MVC champion
- Conference: Missouri Valley Conference
- Record: 6–1–1 (5–1 MVC)
- Head coach: Gwinn Henry (3rd season);
- Captain: Sam Whiteman
- Home stadium: Rollins Field

= 1925 Missouri Tigers football team =

American college football season

The 1925 Missouri Tigers football team was an American football team that represented the University of Missouri in the Missouri Valley Conference (MVC) during the 1925 college football season.
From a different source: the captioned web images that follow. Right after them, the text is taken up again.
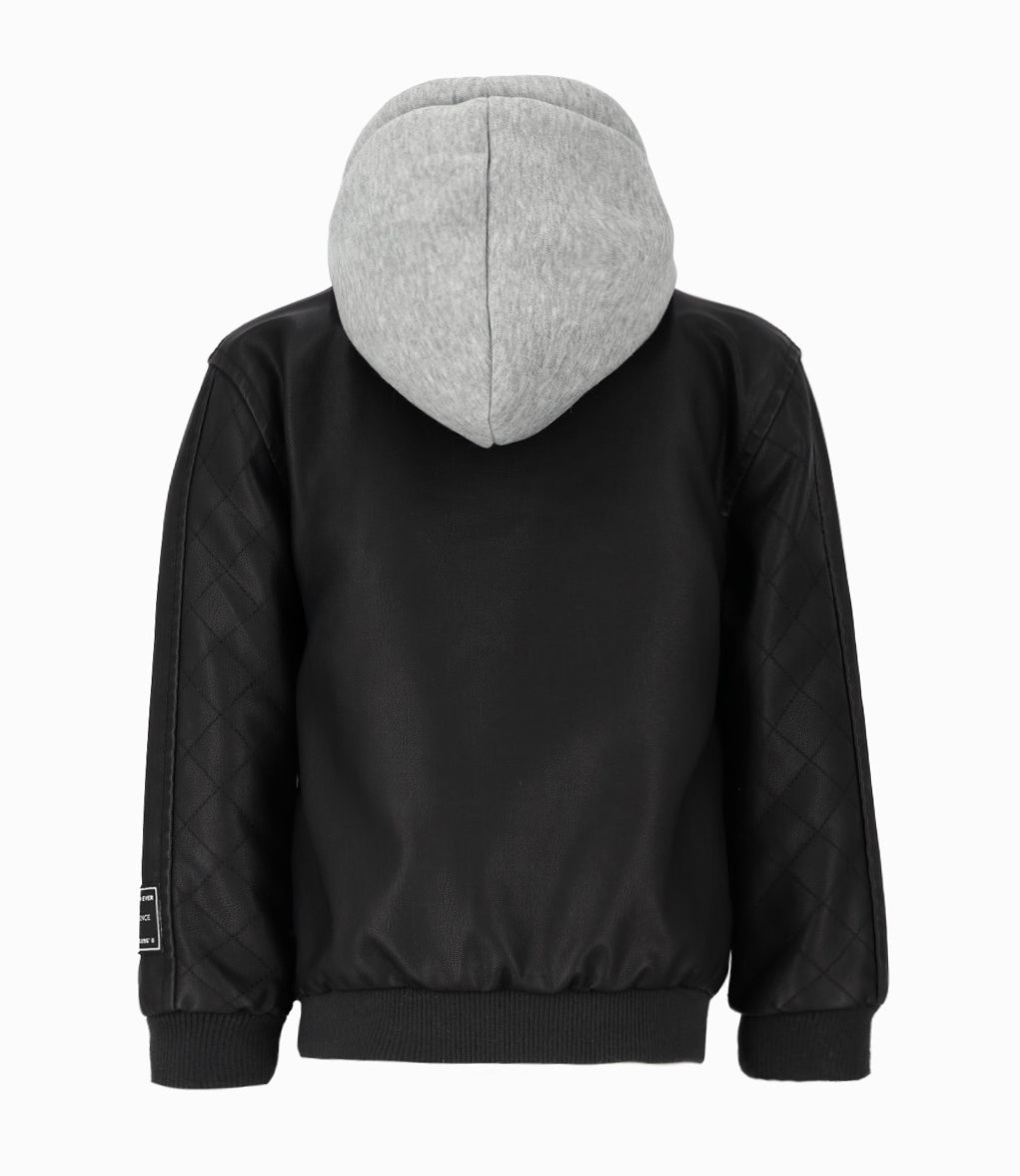 Chaqueta niño de cuero 2 años / Negro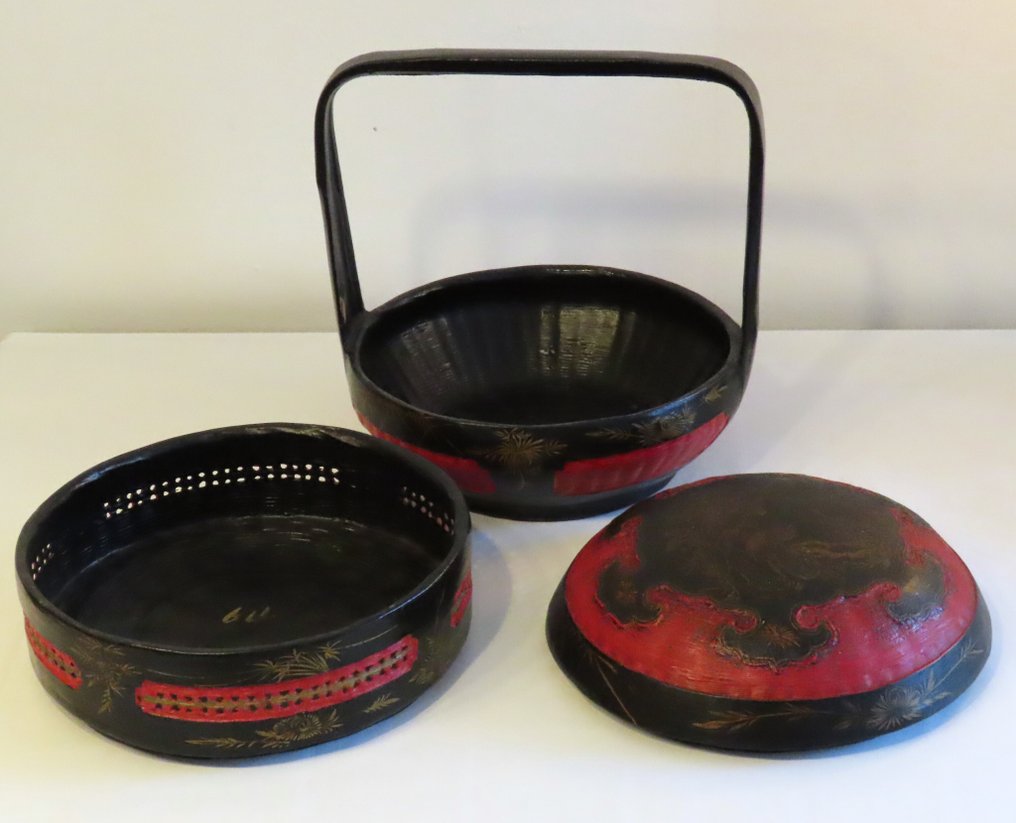 Traditionel stabel kinesisk bryllupskurv - Bambus, Træ - Kina - Begyndelsen af det 20. århundrede #2.1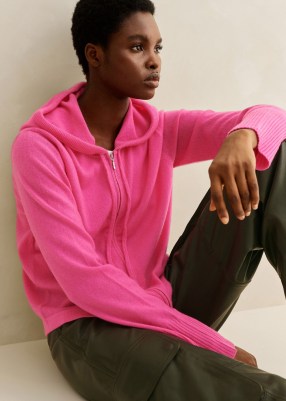 Me and Em Cashmere Relaxed Layering Hoody in Punch Pink | luxe hooded zip up tops | women’s luxury knitted hoodies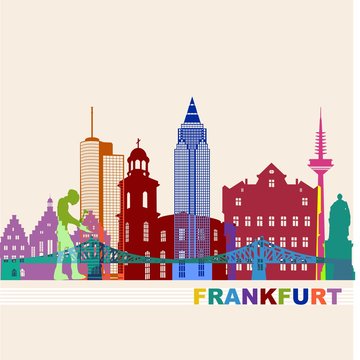 Frankfurt Skyline Sehensw&uuml;rdigkeiten Umriss Silhouette bunt Wandtatoo Schattenbild Grafik Stadt buntes Panorama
The team compiled a 6–1–1 record (5–1 against Missouri Valley opponents), won the Missouri Valley championship, and outscored all opponents by a combined total of 110 to 44. The team was ranked No. 5 in the nation in the Dickinson System ratings released in January 1926. Gwinn Henry was the head coach for the third of nine seasons.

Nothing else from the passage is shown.